> **Work to be completed**:
A verbatim copy of the full data, with no pictures, is the expected answer.

> **Collected data**:

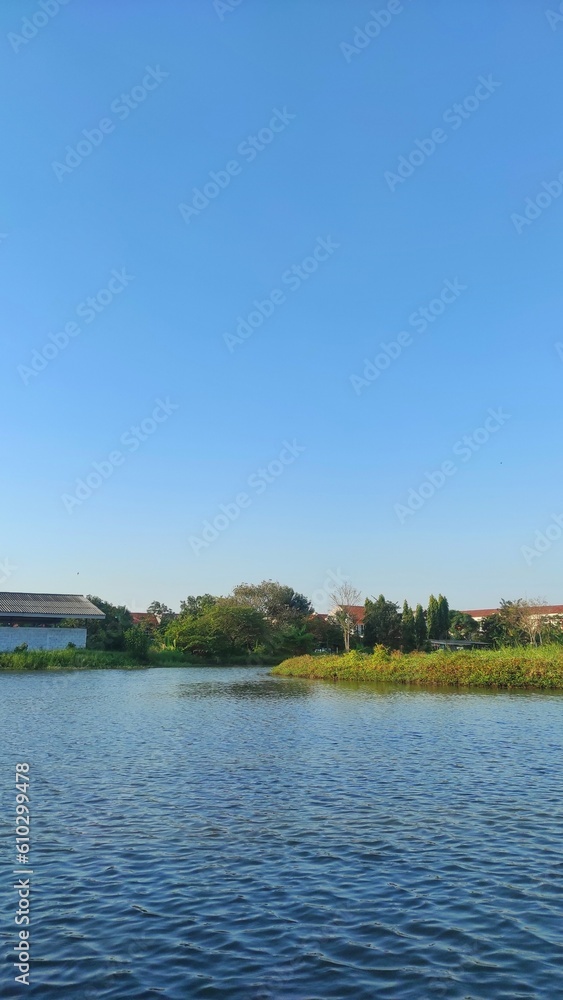 Small island in the middle of lake in the city park during sunny day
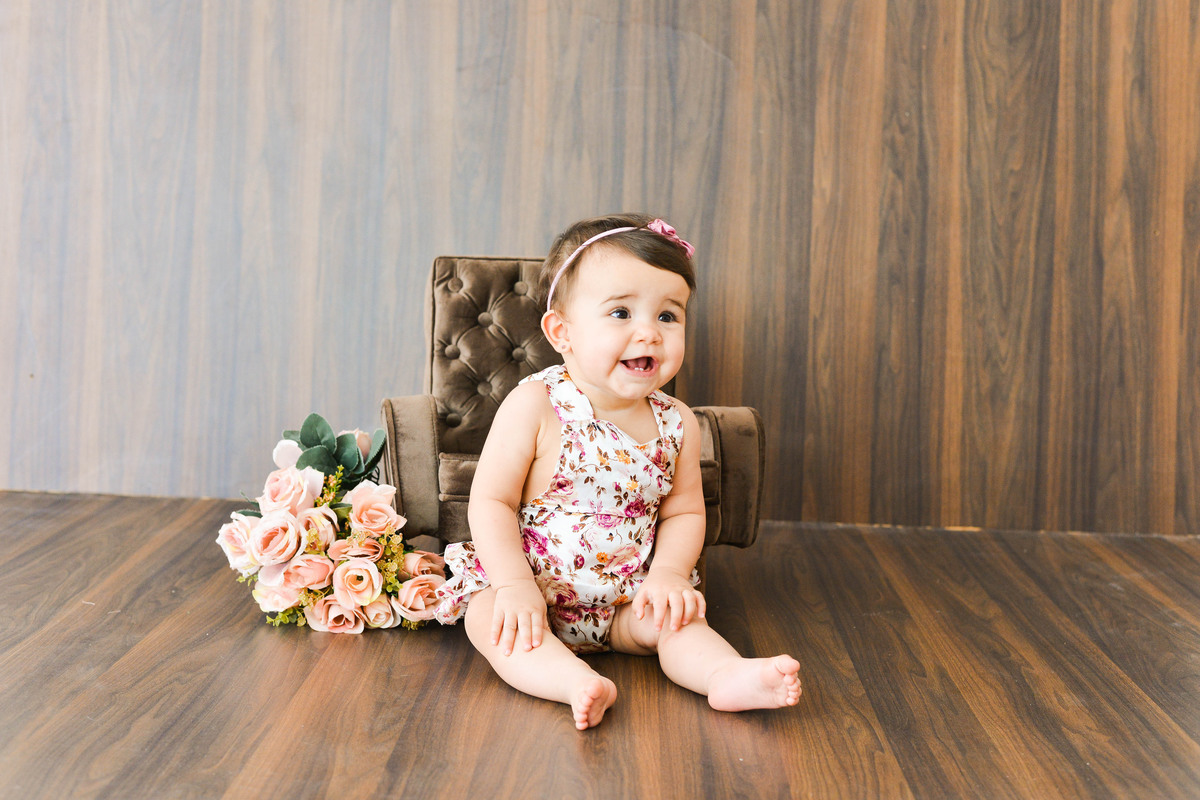fotografia mensal de  menina em Maringá, menina sentada em sofa, sorrindo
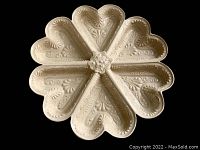Top view of the cream-colored ceramic shortbread mold showing detailed embossed heart-shaped segments and floral center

> **Solved problem**:
 Small island in the middle of lake in the city park during sunny day
fotografia mensal de  menina em Maringá, menina sentada em sofa, sorrindo
Top view of the cream-colored ceramic shortbread mold showing detailed embossed heart-shaped segments and floral center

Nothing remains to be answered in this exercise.